**Entries taken from a collection:**
****************************************
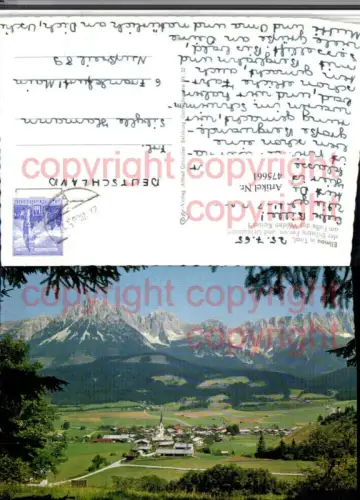475661,Ellmau Totale Bergkulisse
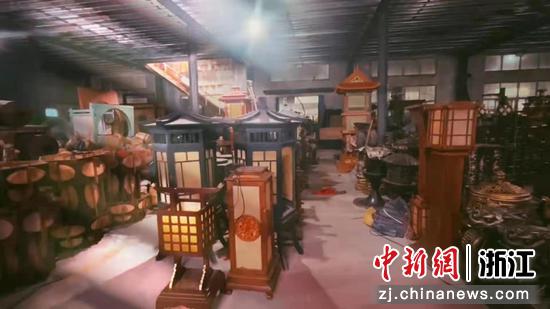 高塘村制作的道具。殷路通 摄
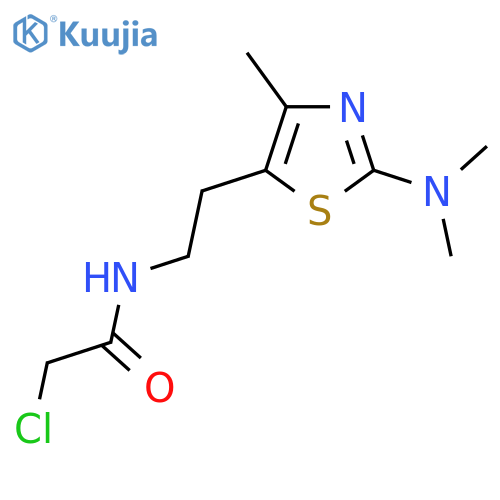2-chloro-N-{2-[2-(dimethylamino)-4-methyl-1,3-thiazol-5-yl]ethyl}acetamide structure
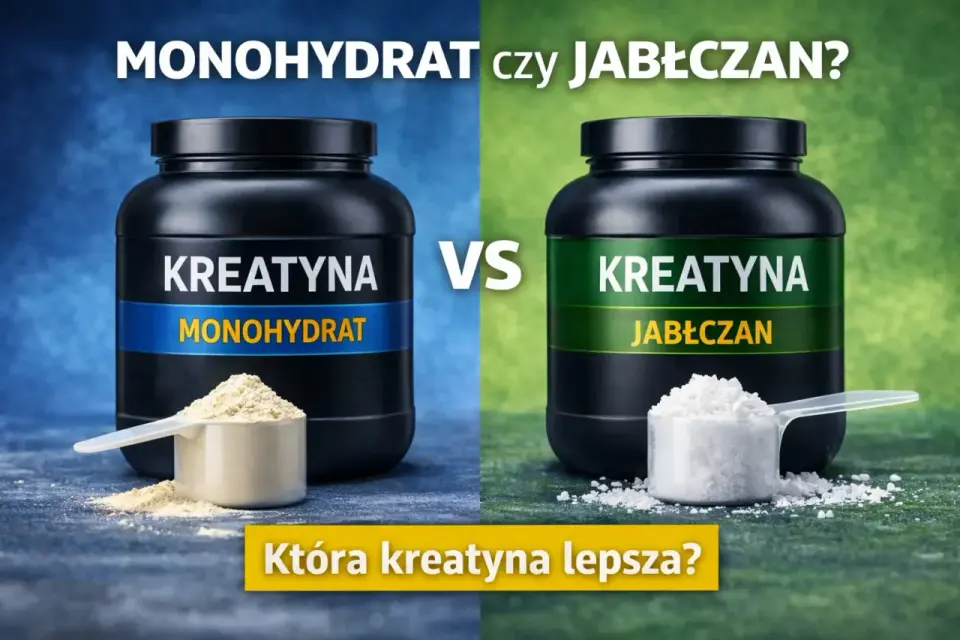 Kreatyna monohydrat czy jabłczan? Co wybrać do treningu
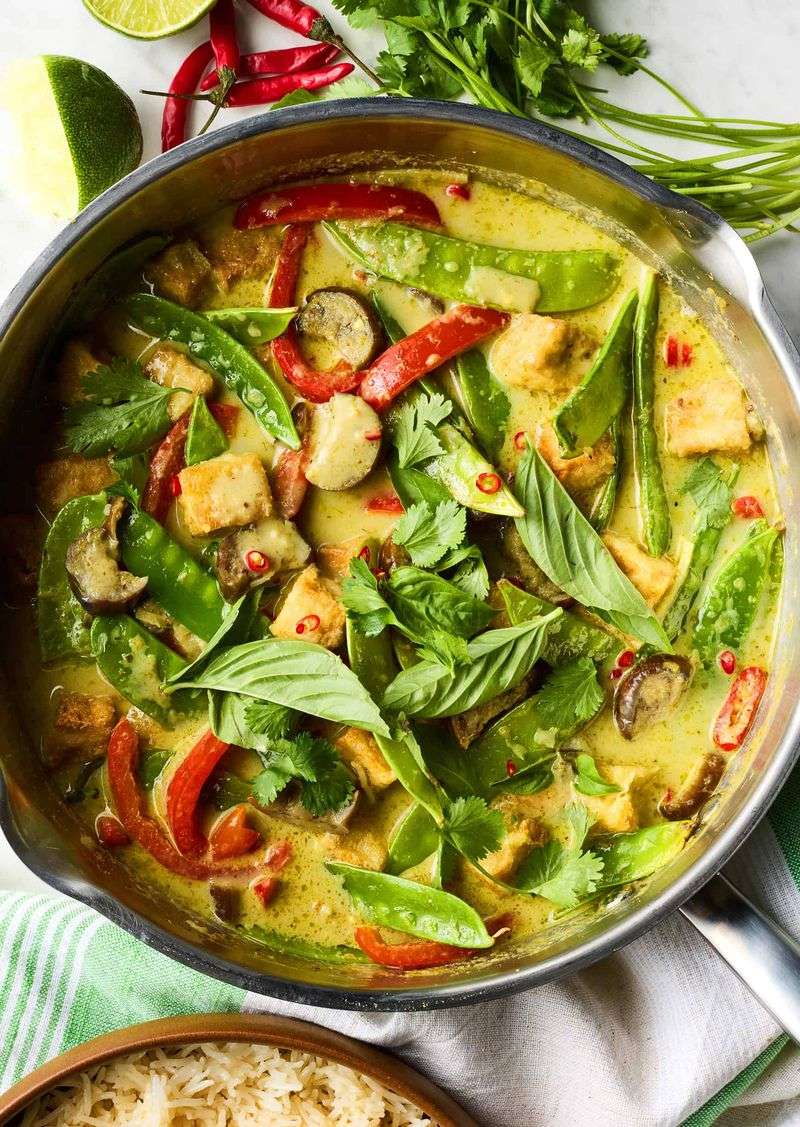 Green Curry Vegetable Stir-Fry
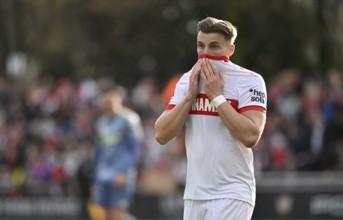 Ermedin Demirovic VfB Stuttgart (09) disappointed, gesture, gesture, Robert-Schlienz-Stadion,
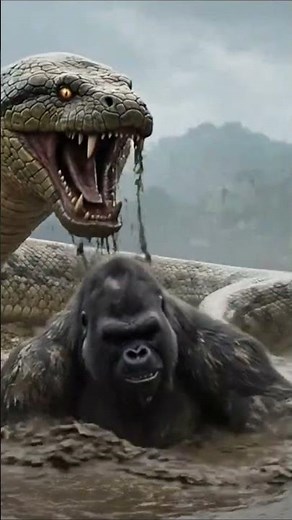 Brutal Jungle Fight 🐍 | King Kong vs Giant Anaconda Battle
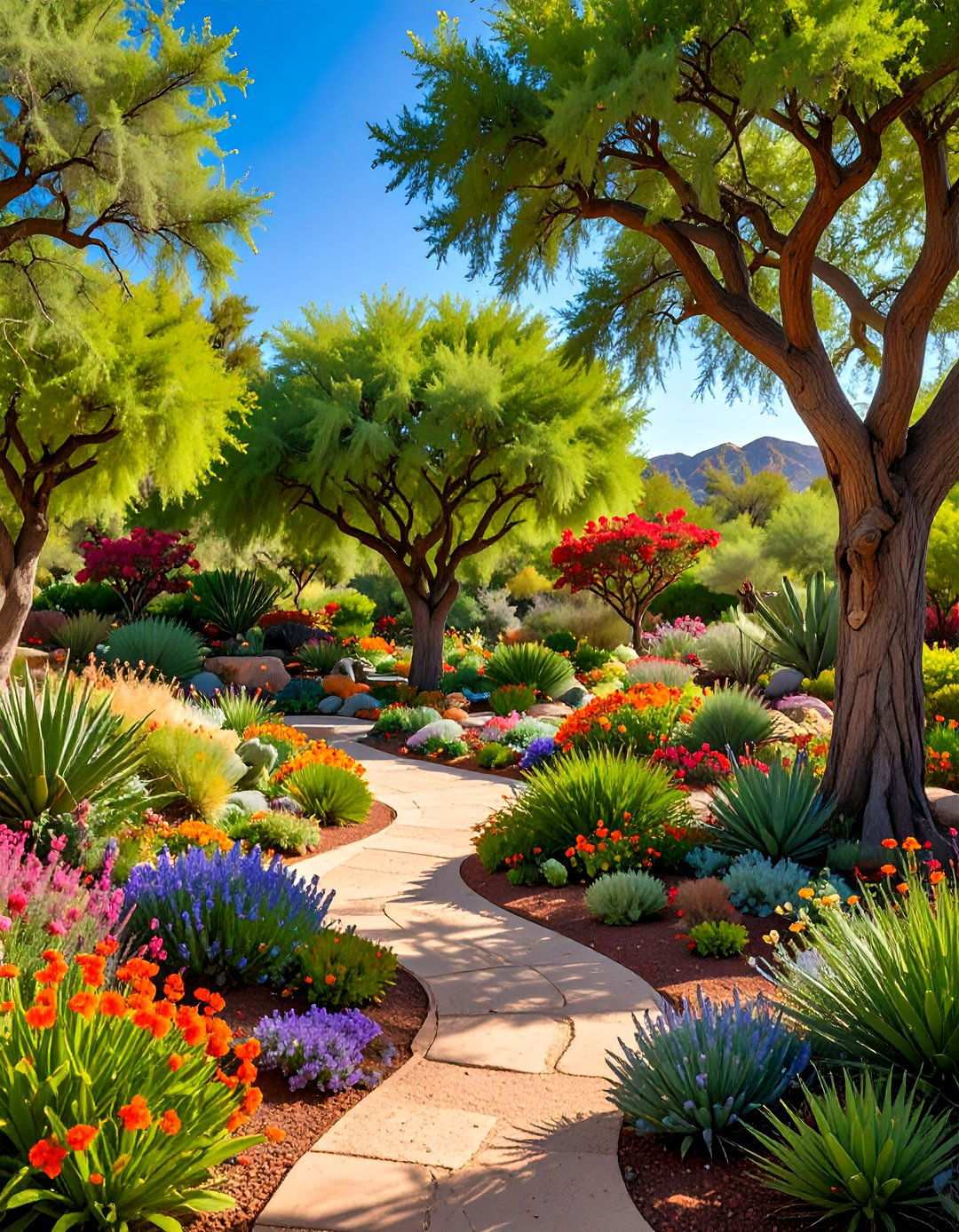 Desert Tree Oasis - 24 Xeriscape Ideas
****************************************
Give the data above back unchanged, except for the pictures.

**SOLUTION FOR THIS PROBLEM:**
475661,Ellmau Totale Bergkulisse
 高塘村制作的道具。殷路通 摄
2-chloro-N-{2-[2-(dimethylamino)-4-methyl-1,3-thiazol-5-yl]ethyl}acetamide structure
 Kreatyna monohydrat czy jabłczan? Co wybrać do treningu
 Green Curry Vegetable Stir-Fry
 Ermedin Demirovic VfB Stuttgart (09) disappointed, gesture, gesture, Robert-Schlienz-Stadion,
 Brutal Jungle Fight 🐍 | King Kong vs Giant Anaconda Battle
 Desert Tree Oasis - 24 Xeriscape Ideas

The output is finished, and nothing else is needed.